Published online by Cambridge University Press: 05 September 2012
The previous chapter presented, with moderately broad brush strokes, the decision processes people used in trying to make their vote choices in our mock presidential election. In that initial presentation of our data, we ignored, for the most part, differences between voters, differences among candidates, and (with the major exception of presenting information from the primary and general election campaigns separately) differences across campaigns. But all voters are not the same, candidates oftentimes do have very significant differences, and campaigns – even limiting consideration to presidential campaigns – come in many different flavors. More importantly, theory tells us that certain variations among decision makers (i.e., voters), alternatives (candidates), and decision contexts (campaigns) are particularly interesting to examine. Of course, that same theory guided the design of our research in the first place in that it suggested interesting experimental factors to manipulate and important individual difference variables to measure.

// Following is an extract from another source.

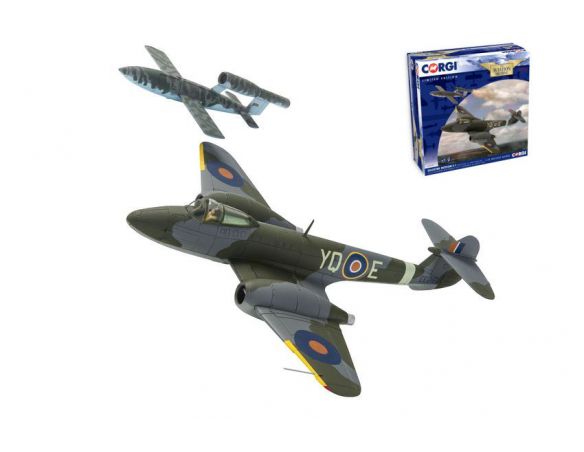 CORGI AA27403 GLOSTER METEOR F.1 DIXIE DEAN RAF N.616 SQUADRON AND FIESELER 1:72 Modellino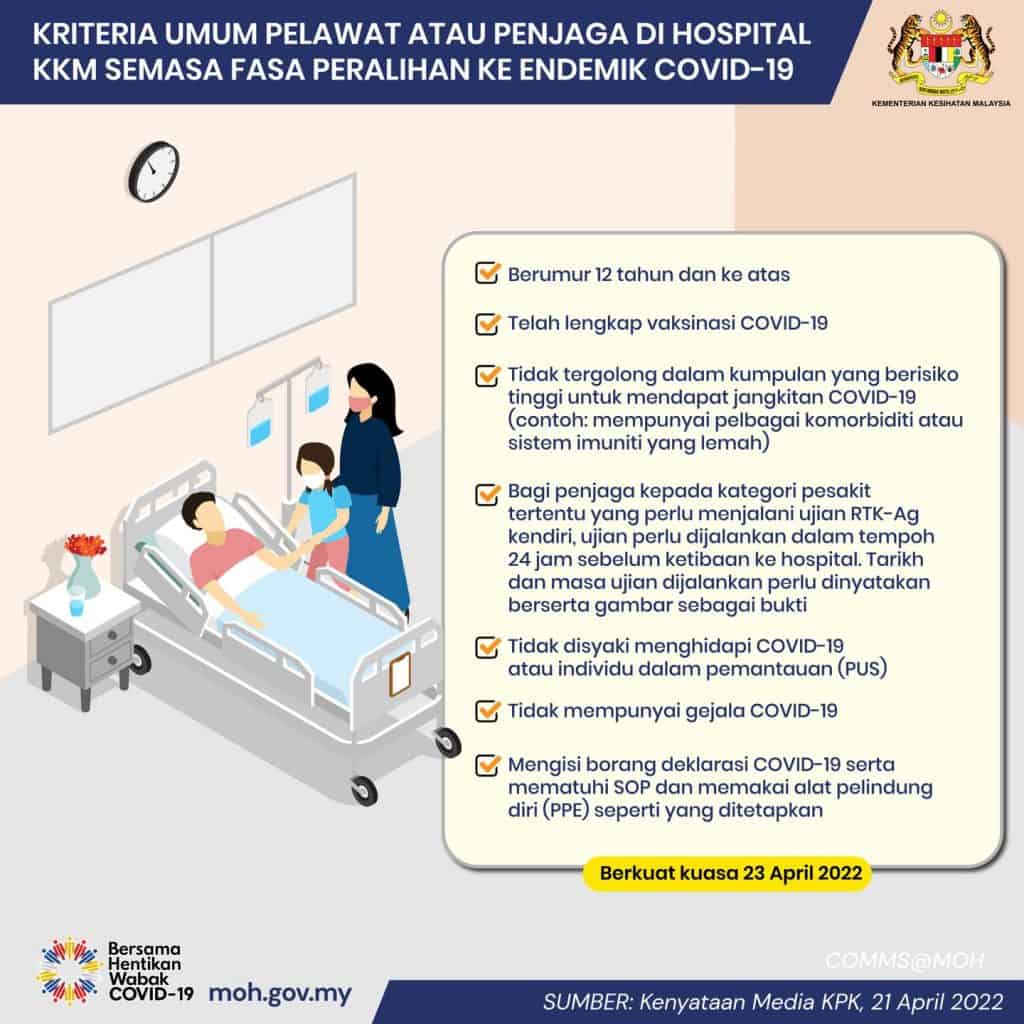 polisi syarat pelawat penjaga hospital kkm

In this chapter and the next, we will provide much more focused explorations of our data. First we consider individual differences among decision makers. We will look in particular at three categories of individual differences: basic background demographic characteristics (including age, education, and gender), political sophistication or expertise, and two presumably long-standing political preferences – partisanship and ideology. The goal in these two chapters is still to understand information processing, decision strategies, and memory – the crucial intervening variables in our model.